In reality all objects are associated, one to another, by a distributed capacitive effect. Parallel wires, elements of a vacuum tube, a resistor to ground, wires through a panel, one circuit trace to another, etc. All are influenced by each other to the enhancement or detriment of a system depending on circumstances.

This concludes the set up discussion of capacitance. We will need one more session to complete the introduction of this fascinating circuit element. Are there any questions or comments?

Terminology

Voltage source: a perfect source of voltage with zero internal resistance. Such a source will stubbornly maintain its output voltage regardless of load. Real world devices always have some internal resistance hence depart from the "perfect" in varying degrees. Voltage regulated power supplies look like voltage sources within their operating limits. Automobile batteries look like voltage sources since their internal resistance is very small and they can provide very large cranking amperes without seriously changing the terminal voltage.
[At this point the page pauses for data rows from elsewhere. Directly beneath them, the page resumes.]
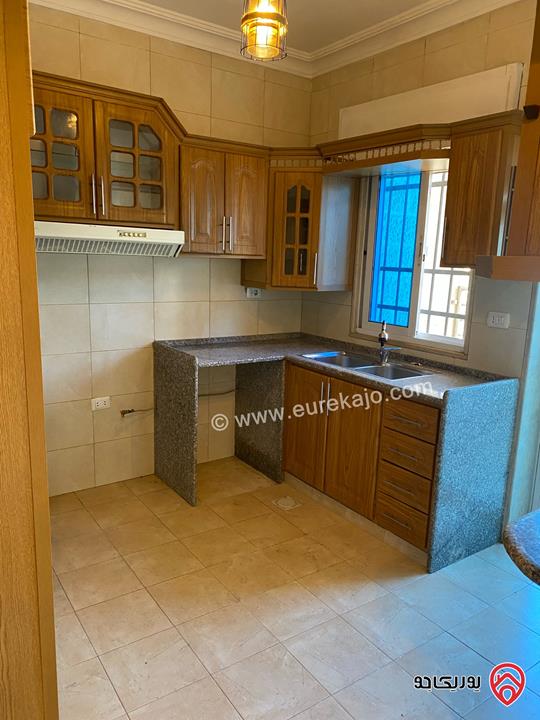 شقة سكنية مساحة 150م للايجار في عمان - حي الصحابة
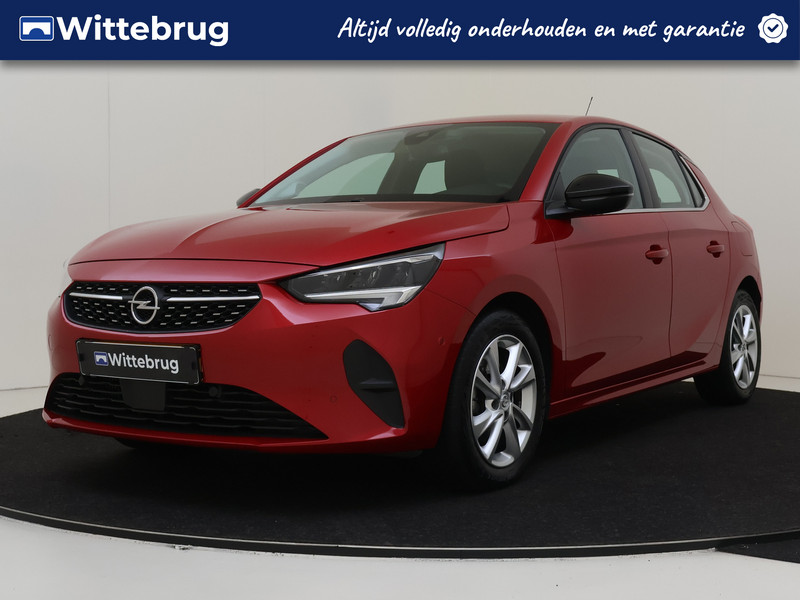 Opel Corsa 1.2 Elegance Level 3 Automaat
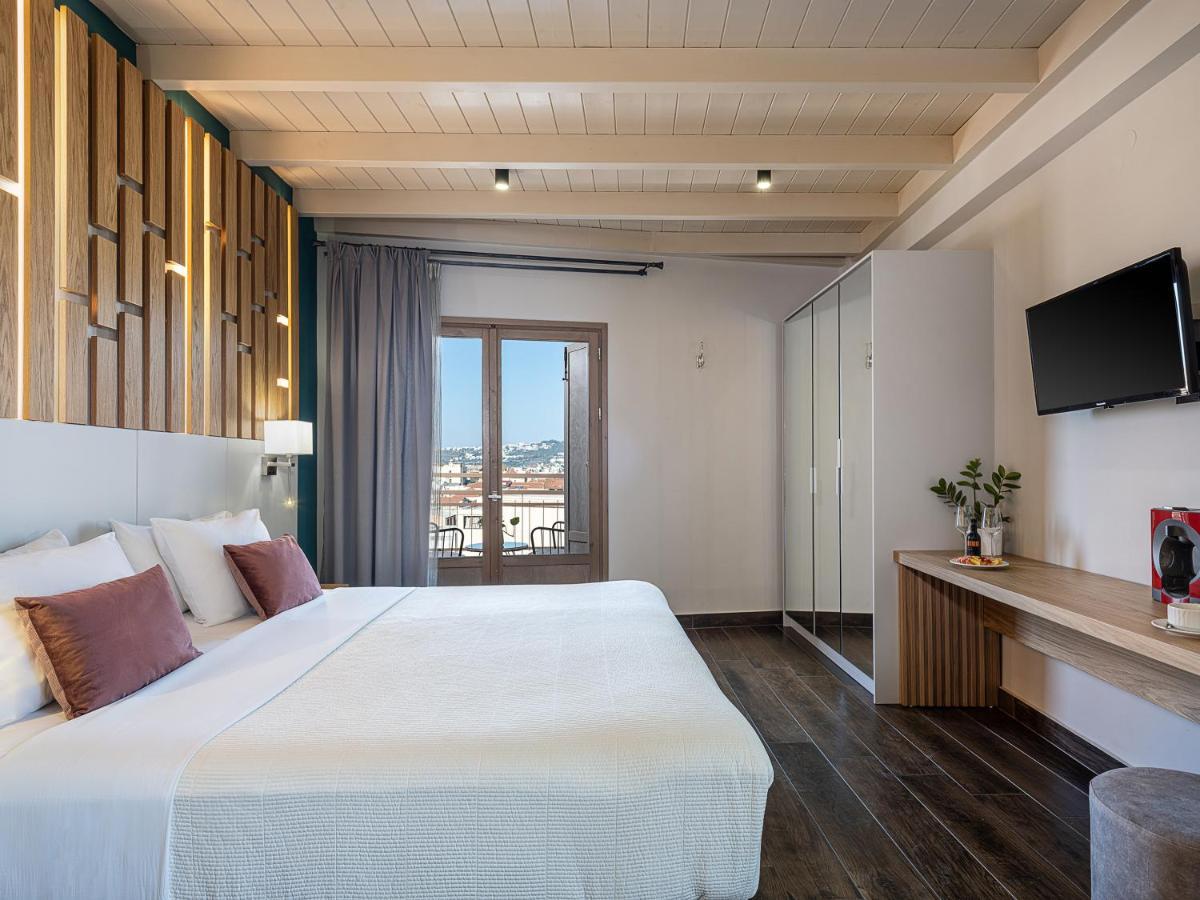 Elia Bettolo Hotel Chania  Exterior foto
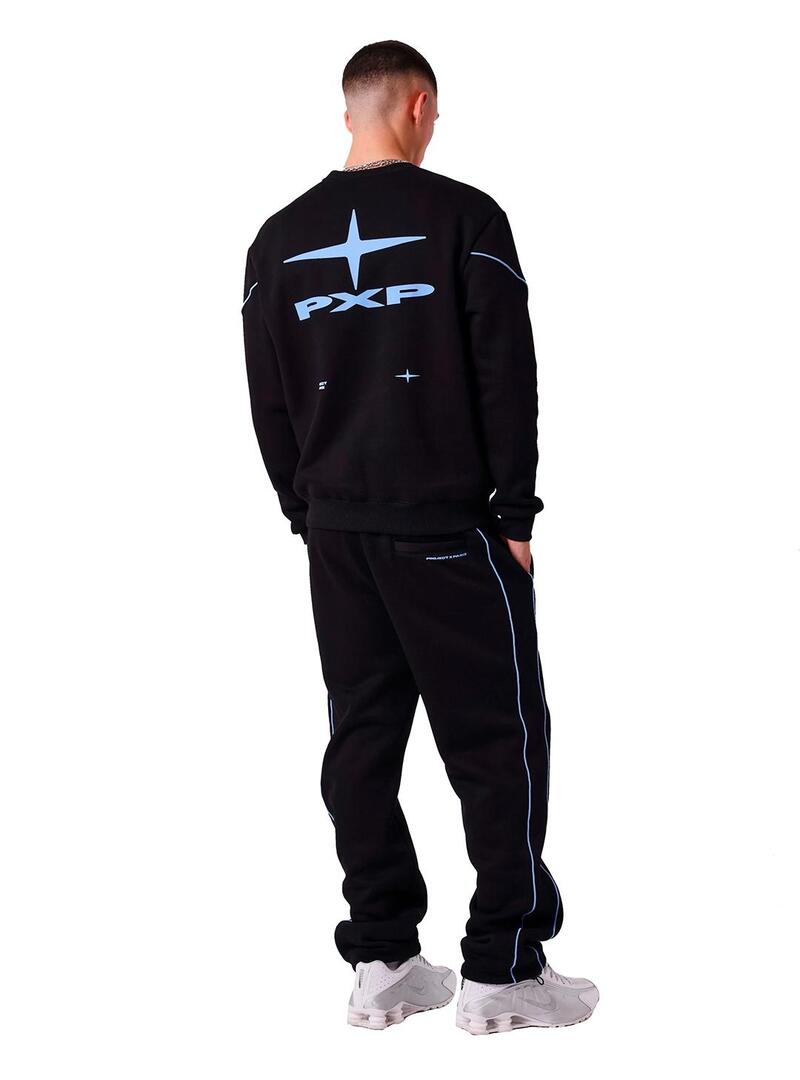 Pantalon Hombre ProjectxParis Kickoff Negro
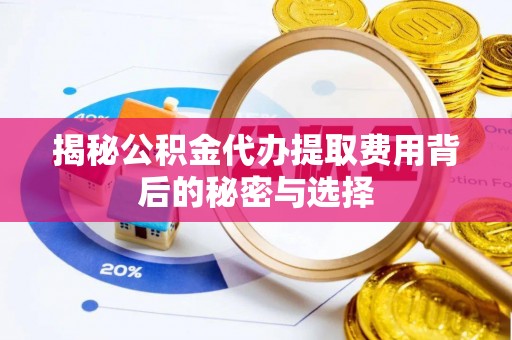 玉树揭秘公积金代办提取费用背后的秘密与选择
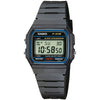 Ρολόι Ανδρικό Ψηφιακό Casio F-91W-1YEG Μαύρο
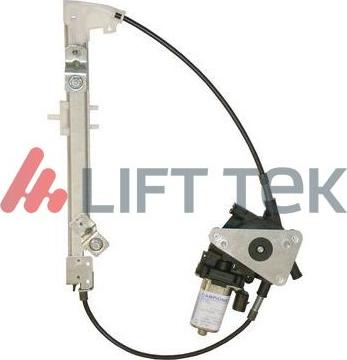 Lift-Tek LT FT92 L - Стеклоподъемник autospares.lv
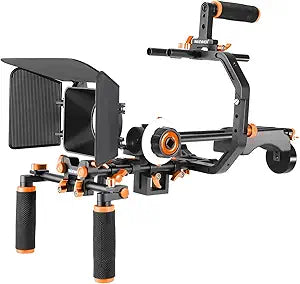 Neewer 10093237 Film Movie Video Making System Kit — main product image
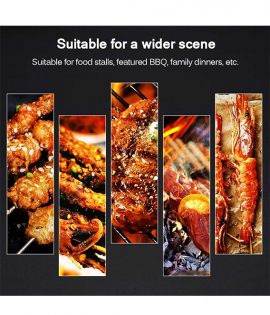 شبك شواء للسمك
Current source: a perfect source of current with very high internal resistance. Such a source will supply a fixed current regardless of load. The internal resistance is so high that reasonable changes of loading resistance in the external circuit will not appreciably change the current. Dry cell batteries make better current sources than voltage sources since the internal resistance increases as the battery is discharged. For example... you cannot crank a car engine with a AA battery but you could use a AA to dribble a small and nearly constant current through an LED for a long time.

This week’s challenge question goes as follows: you plan to install a 910 ohm resistor in a circuit and you know that the direct current through this resistor will be 125 milliamperes. How many watts of power will the resistor dissipate? How many joules per second?